**PROBLEM DESCRIPTION**
A faithful copy of the whole listing is required.

**AVAILABLE DATA**
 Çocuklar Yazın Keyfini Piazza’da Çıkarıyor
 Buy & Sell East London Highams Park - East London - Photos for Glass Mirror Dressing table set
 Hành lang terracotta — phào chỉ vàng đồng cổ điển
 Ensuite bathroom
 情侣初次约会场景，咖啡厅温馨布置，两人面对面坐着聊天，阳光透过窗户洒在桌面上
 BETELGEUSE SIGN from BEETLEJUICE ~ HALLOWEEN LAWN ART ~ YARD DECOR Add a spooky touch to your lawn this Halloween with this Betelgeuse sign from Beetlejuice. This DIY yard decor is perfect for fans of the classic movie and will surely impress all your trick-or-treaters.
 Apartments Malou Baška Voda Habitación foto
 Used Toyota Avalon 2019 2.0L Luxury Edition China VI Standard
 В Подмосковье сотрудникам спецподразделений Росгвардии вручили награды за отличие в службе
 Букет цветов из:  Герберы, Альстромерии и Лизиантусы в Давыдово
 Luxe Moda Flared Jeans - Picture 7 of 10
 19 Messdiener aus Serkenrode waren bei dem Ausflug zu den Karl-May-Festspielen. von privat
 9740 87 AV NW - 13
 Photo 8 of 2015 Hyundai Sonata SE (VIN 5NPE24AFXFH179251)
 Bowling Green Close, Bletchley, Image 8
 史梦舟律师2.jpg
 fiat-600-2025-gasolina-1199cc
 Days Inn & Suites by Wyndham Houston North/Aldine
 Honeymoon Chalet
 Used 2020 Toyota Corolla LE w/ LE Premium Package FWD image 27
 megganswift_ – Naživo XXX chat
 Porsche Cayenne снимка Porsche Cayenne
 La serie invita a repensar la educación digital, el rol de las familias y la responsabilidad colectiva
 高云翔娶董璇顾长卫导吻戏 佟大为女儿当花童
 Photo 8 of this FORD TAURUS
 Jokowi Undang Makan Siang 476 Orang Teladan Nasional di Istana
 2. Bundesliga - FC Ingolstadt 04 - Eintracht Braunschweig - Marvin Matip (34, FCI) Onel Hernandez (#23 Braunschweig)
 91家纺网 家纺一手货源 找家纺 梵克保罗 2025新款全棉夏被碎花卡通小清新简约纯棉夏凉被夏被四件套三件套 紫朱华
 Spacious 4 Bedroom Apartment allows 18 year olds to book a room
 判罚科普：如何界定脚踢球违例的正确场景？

**OUTPUT OF THE TASK**
 Çocuklar Yazın Keyfini Piazza’da Çıkarıyor
 Buy & Sell East London Highams Park - East London - Photos for Glass Mirror Dressing table set
 Hành lang terracotta — phào chỉ vàng đồng cổ điển
 Ensuite bathroom
 情侣初次约会场景，咖啡厅温馨布置，两人面对面坐着聊天，阳光透过窗户洒在桌面上
 BETELGEUSE SIGN from BEETLEJUICE ~ HALLOWEEN LAWN ART ~ YARD DECOR Add a spooky touch to your lawn this Halloween with this Betelgeuse sign from Beetlejuice. This DIY yard decor is perfect for fans of the classic movie and will surely impress all your trick-or-treaters.
 Apartments Malou Baška Voda Habitación foto
 Used Toyota Avalon 2019 2.0L Luxury Edition China VI Standard
 В Подмосковье сотрудникам спецподразделений Росгвардии вручили награды за отличие в службе
 Букет цветов из:  Герберы, Альстромерии и Лизиантусы в Давыдово
 Luxe Moda Flared Jeans - Picture 7 of 10
 19 Messdiener aus Serkenrode waren bei dem Ausflug zu den Karl-May-Festspielen. von privat
 9740 87 AV NW - 13
 Photo 8 of 2015 Hyundai Sonata SE (VIN 5NPE24AFXFH179251)
 Bowling Green Close, Bletchley, Image 8
 史梦舟律师2.jpg
 fiat-600-2025-gasolina-1199cc
 Days Inn & Suites by Wyndham Houston North/Aldine
 Honeymoon Chalet
 Used 2020 Toyota Corolla LE w/ LE Premium Package FWD image 27
 megganswift_ – Naživo XXX chat
 Porsche Cayenne снимка Porsche Cayenne
 La serie invita a repensar la educación digital, el rol de las familias y la responsabilidad colectiva
 高云翔娶董璇顾长卫导吻戏 佟大为女儿当花童
 Photo 8 of this FORD TAURUS
 Jokowi Undang Makan Siang 476 Orang Teladan Nasional di Istana
 2. Bundesliga - FC Ingolstadt 04 - Eintracht Braunschweig - Marvin Matip (34, FCI) Onel Hernandez (#23 Braunschweig)
 91家纺网 家纺一手货源 找家纺 梵克保罗 2025新款全棉夏被碎花卡通小清新简约纯棉夏凉被夏被四件套三件套 紫朱华
 Spacious 4 Bedroom Apartment allows 18 year olds to book a room
 判罚科普：如何界定脚踢球违例的正确场景？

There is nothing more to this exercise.